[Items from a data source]

——————

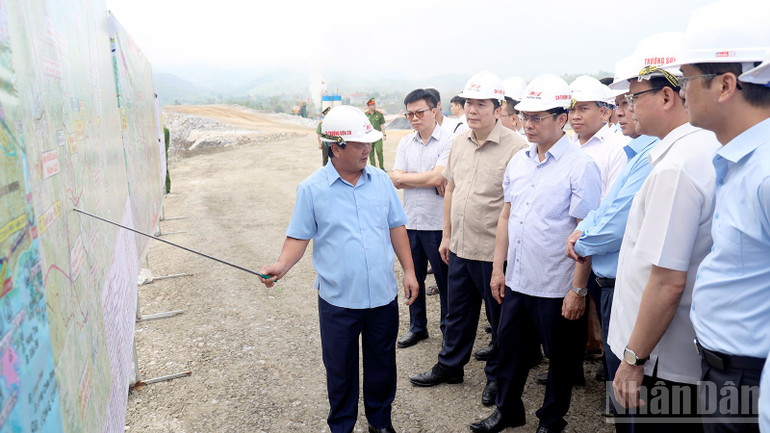 Bí thư Tỉnh ủy Tuyên Quang Hầu A Lềnh báo cáo tiến độ triển khai dự án cao tốc Tuyên Quang-Hà Giang vào ngày 24/8/2025 với Đoàn công tác do Phó Thủ tướng Chính phủ Bùi Thanh Sơn làm Trưởng Đoàn. ndo_br_497a5839.jpg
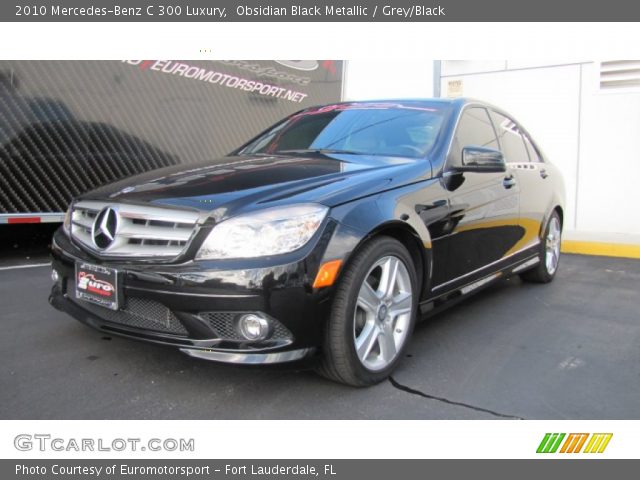 2010 Mercedes-Benz C 300 Luxury in Obsidian Black Metallic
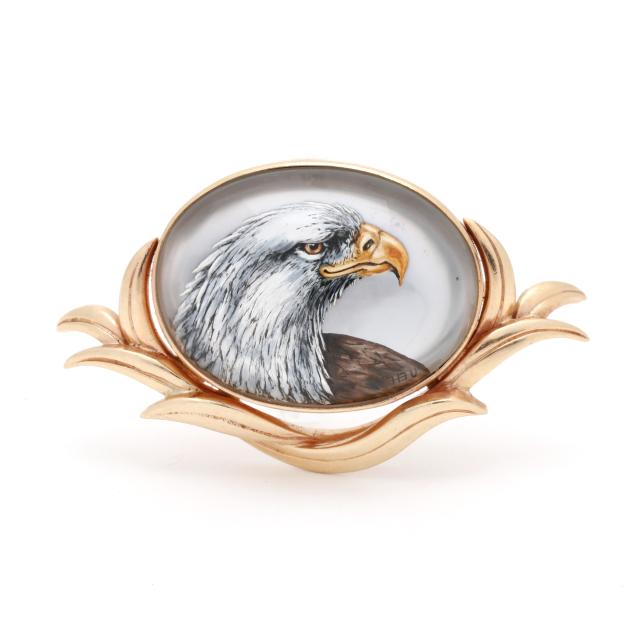 gold-and-reverse-painted-crystal-intaglio-eagle-motif-pendant-brooch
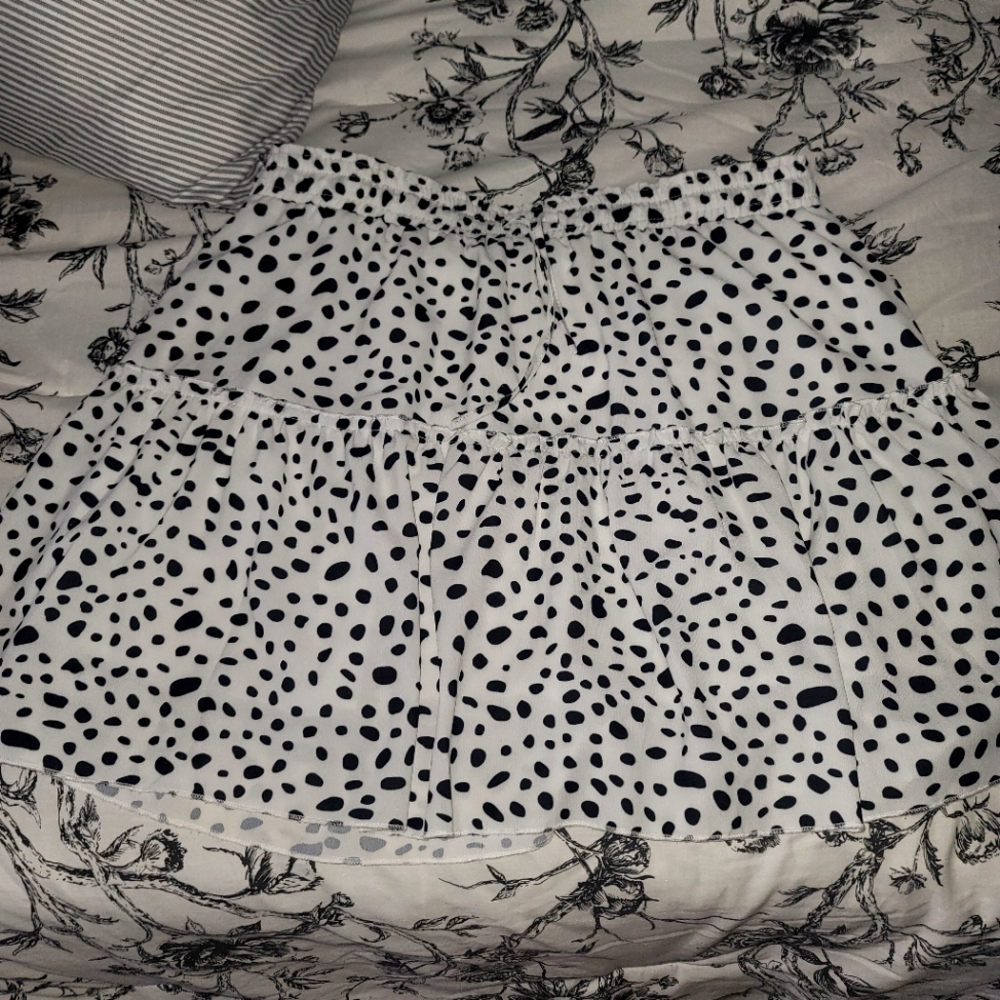 Short skirt flare animal print like new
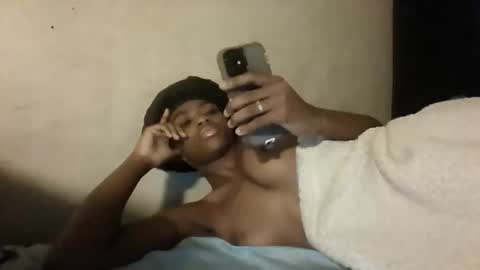 Snapshot of yungblackberry chatting on 10/18/25, 06:48 YungBlackBerry online show from 10/18/25, 06:48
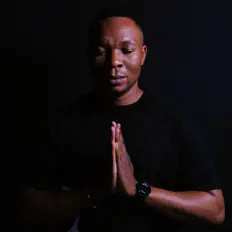 收听 DJ Wonder、观看音乐视频、阅读小传、查看巡演日期等 ！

——————

Each line of the data must be transcribed exactly; pictures are not carried over.

 Bí thư Tỉnh ủy Tuyên Quang Hầu A Lềnh báo cáo tiến độ triển khai dự án cao tốc Tuyên Quang-Hà Giang vào ngày 24/8/2025 với Đoàn công tác do Phó Thủ tướng Chính phủ Bùi Thanh Sơn làm Trưởng Đoàn. ndo_br_497a5839.jpg
 2010 Mercedes-Benz C 300 Luxury in Obsidian Black Metallic
 gold-and-reverse-painted-crystal-intaglio-eagle-motif-pendant-brooch
 Short skirt flare animal print like new
 Snapshot of yungblackberry chatting on 10/18/25, 06:48 YungBlackBerry online show from 10/18/25, 06:48
 收听 DJ Wonder、观看音乐视频、阅读小传、查看巡演日期等 ！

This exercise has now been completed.